Kim Eng on 26 June 2014

  • The implication of a new framework for D-SIBs is foreign banks with a large retail presence in Singapore will have to locally incorporate their retail units.
  • They will be subjected to higher capital and liquidity standards which are also applied to local banks.
  • The change could lead to greater competition from foreign banks in search of higher returns; DBS is our top sector pick.
Large foreign banks to be locally incorporated
A framework for domestic systemically important banks (D-SIBs) is currently in the works. The immediate implication is foreign banks with a large retail presence in Singapore will have to locally incorporate their retail units. Standard Chartered Bank incorporated its Singapore consumer banking operation in 2012, after Citigroup (2005). Unlike Malaysia that requires all banks to be locally incorporated, many foreign banks in Singapore operate under a universal banking model.
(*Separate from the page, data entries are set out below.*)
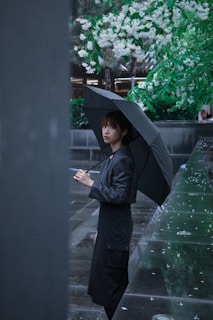 A person stands under a black umbrella, wearing a dark raincoat, on a rainy day. There are green trees with white blossoms overhead and the ground is wet from the rain.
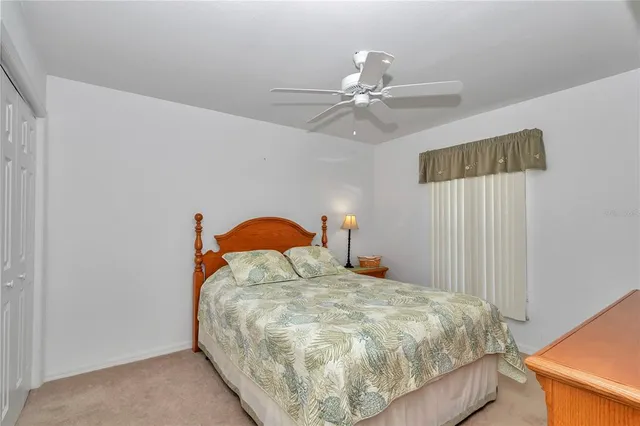 a bedroom with a bed and a ceiling fan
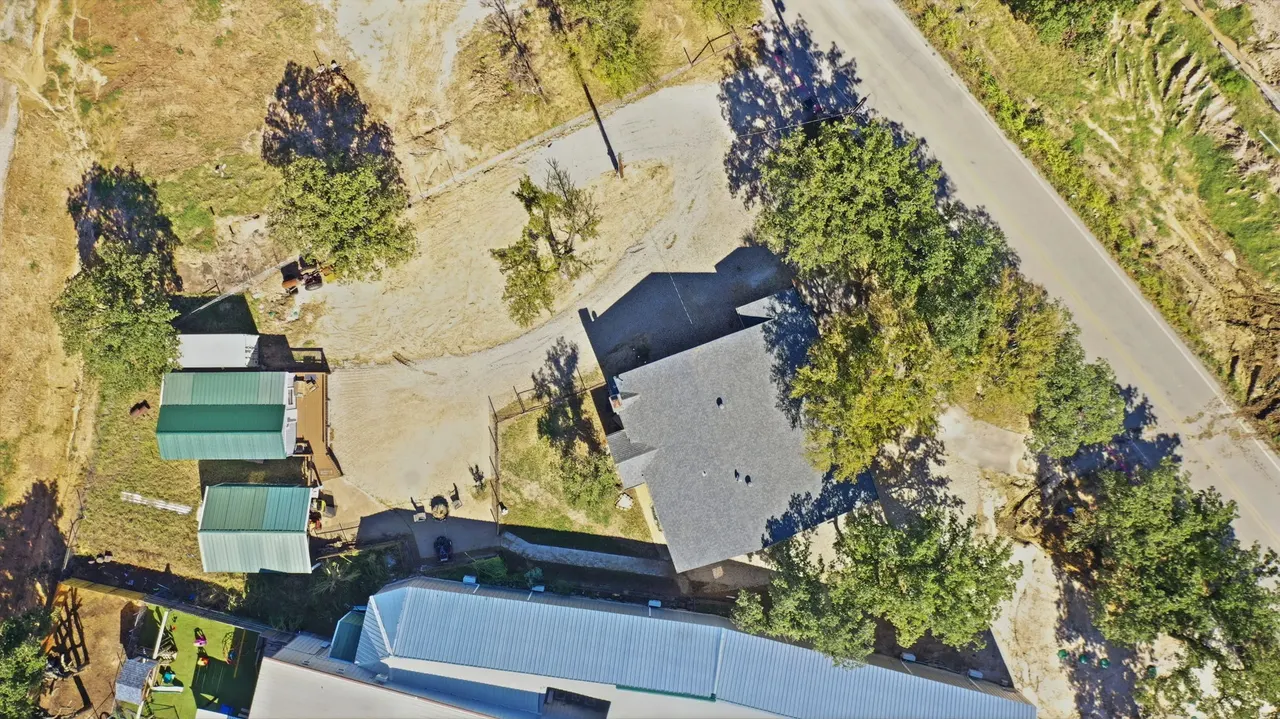 Straight-down aerial view of the house roof, outbuildings and trees
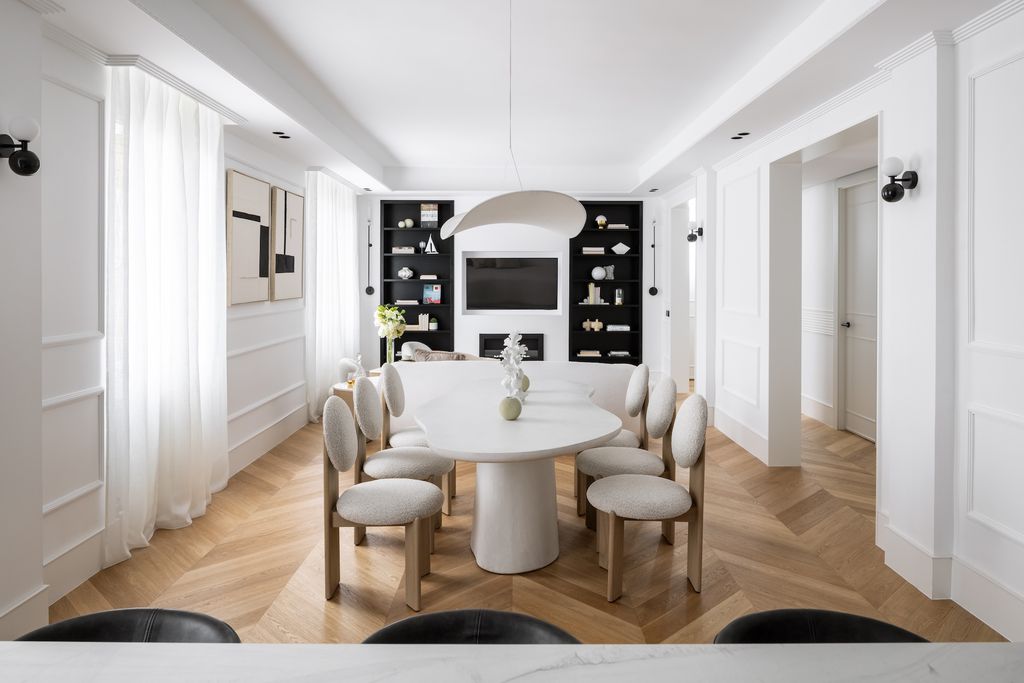 Salón comedor blanco con molduras y estantería negra. 
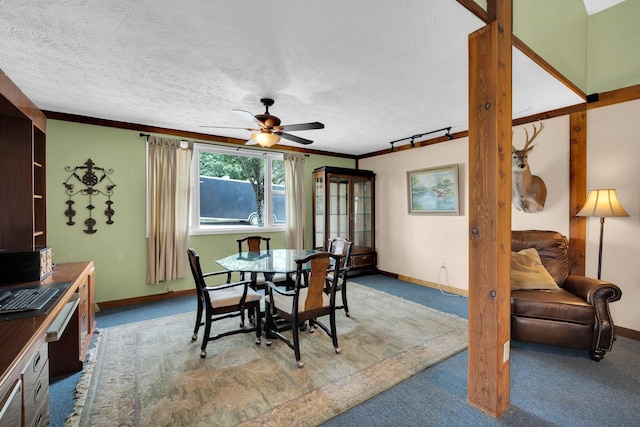 dining area featuring ceiling fan, ornamental molding, light carpet, and a textured ceiling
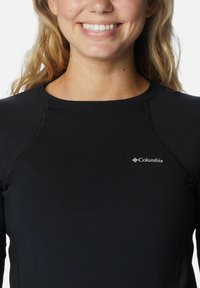 Schwarzes langärmliges Sportoberteil mit flachen Nähten und rundem Halsausschnitt, mit einem kleinen Columbia-Logo im linken Brustbereich.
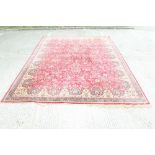 Tabriz-style carpet with all-over scattered foliage and red ground within foliate borders with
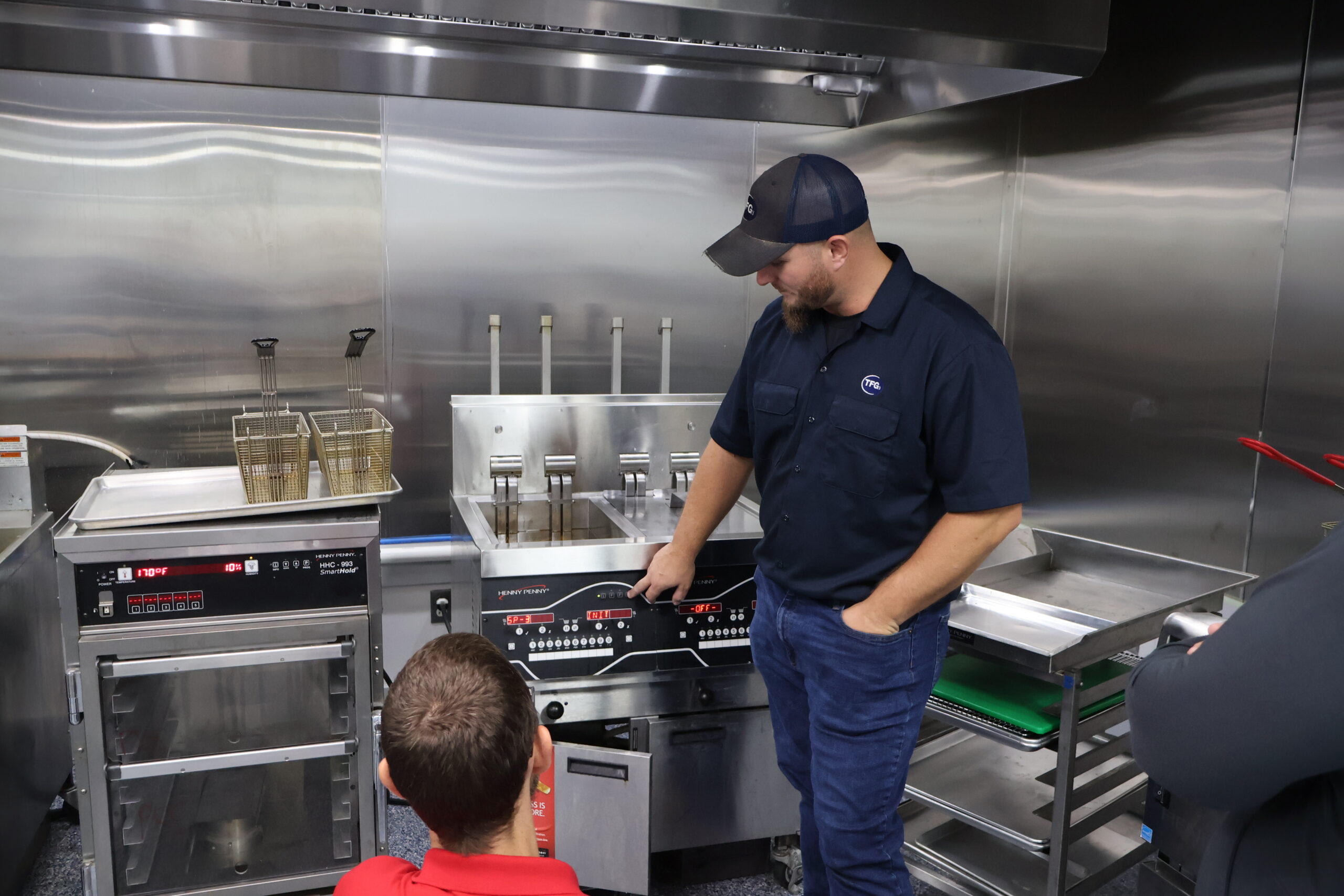 TFG technician providing hands-on commercial kitchen equipment training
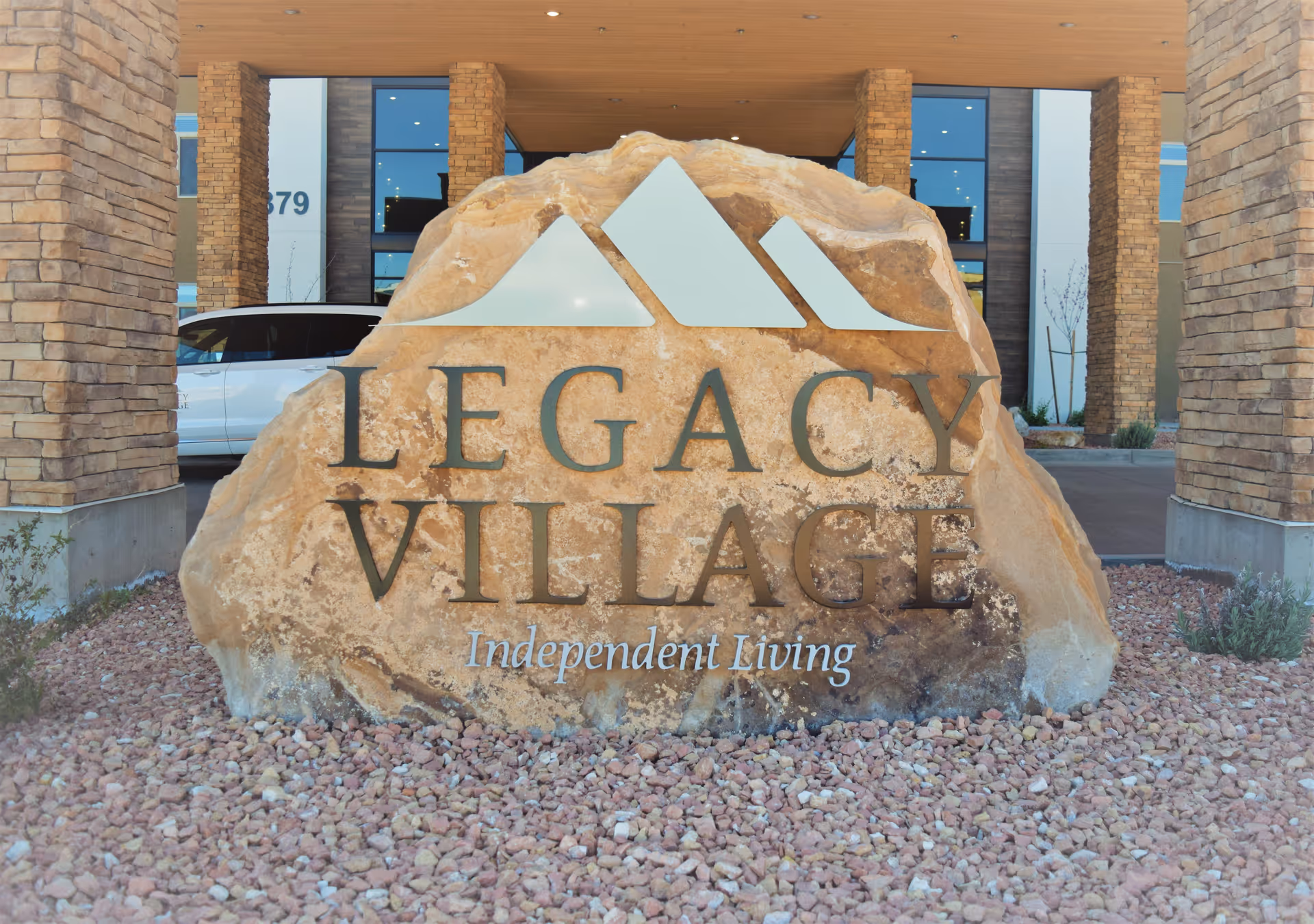 Large carved rock sign that reads "Legacy Village Independent Living" at the entrance of the facility.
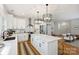 Modern kitchen featuring a large island with bar seating, stainless steel appliances, and hardwood floors at 3163 Maury St, Charlotte, NC 28208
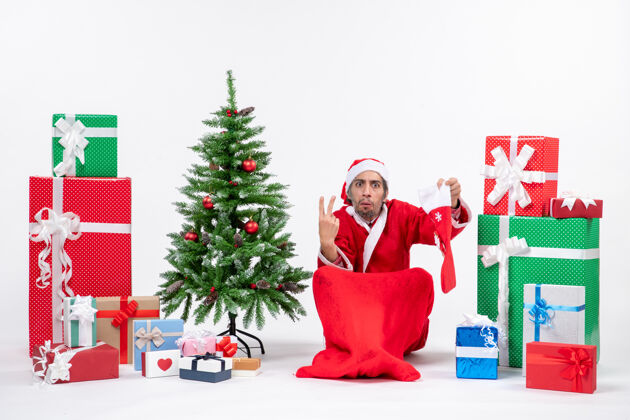 袜子紧张的圣诞老人展示了两个坐在地上拿着圣诞袜的礼物和装饰在白色背景上的新年树圣诞老人装饰圣诞老人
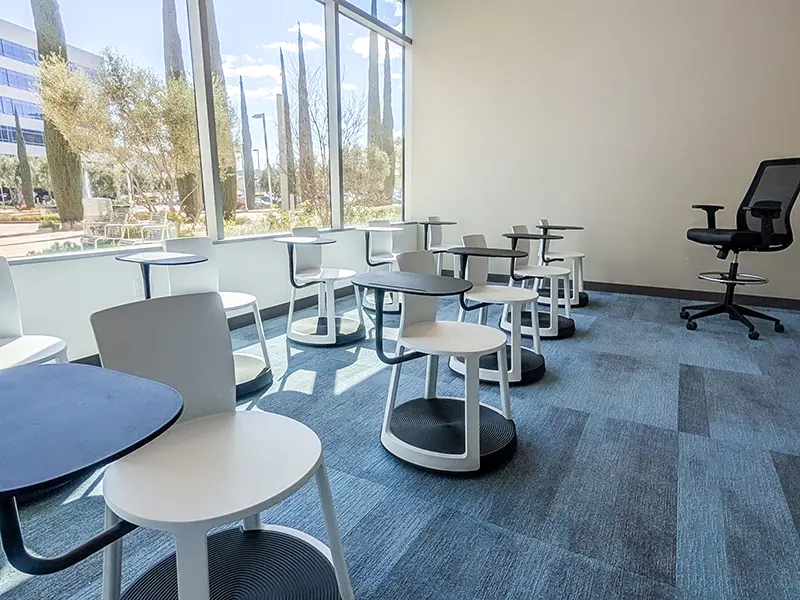 campus-designed-for-life-bsn Westcliff University, Corona CA, Nursing classroom with tall windows and open seating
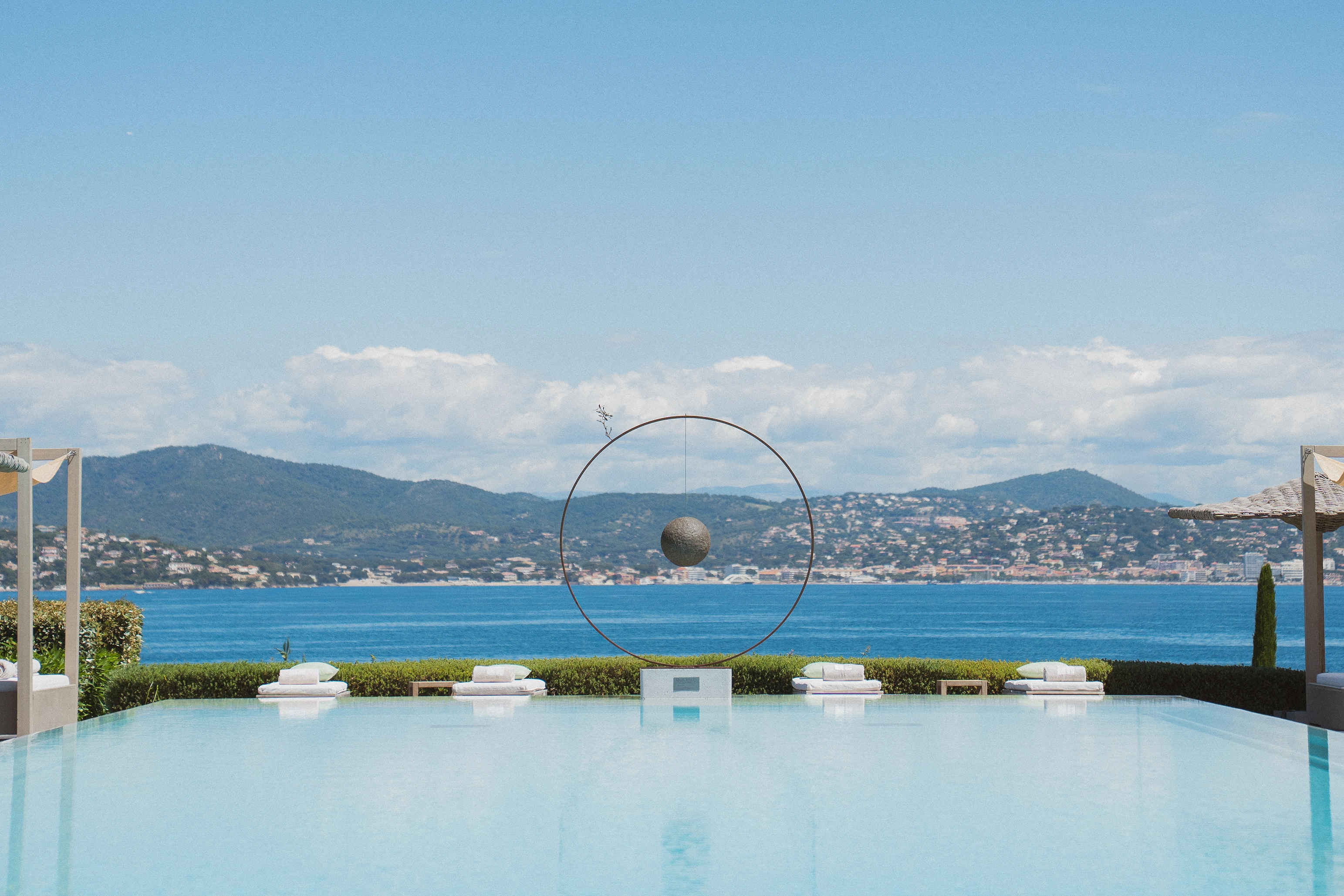 Piscine à débordement avec quatre chaises longues et une sculpture ronde suspendue, vue sur la mer et les collines au loin.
A bank is deemed to have a significant retail presence if its market share of resident non-bank deposits is 3% and above, plus it has at least 150,000 depositors with accounts of less than or equal to SGD250,000.

Little impact for now but competition could intensify
Locally-incorporated foreign banks are subjected to higher capital – 2ppts of capital above Basel 3’s stipulation - and liquidity requirements that are also applied to local banks. A foreign bank that is deemed a SIB in Singapore will also have to meet the prescribed liquidity coverage ratio, which requires banks to hold sufficient high-quality liquid assets to meet their net cash outflows over a 30-day period.

The retail operations of both HSBC and Maybank may be required to be locally incorporated with a minimum of SGD1.5b in paid-up capital. While this may level the playing field, foreign banks may
go up the risk curve in search of higher returns to commensurate with higher capital requirements. This could exert greater competitive pressure on the local banks. Maintain Overweight on banks. For exposure, DBS is our top pick as it is best positioned to take advantage of a rising interest rate environment. We would remain cautious towards OCBC.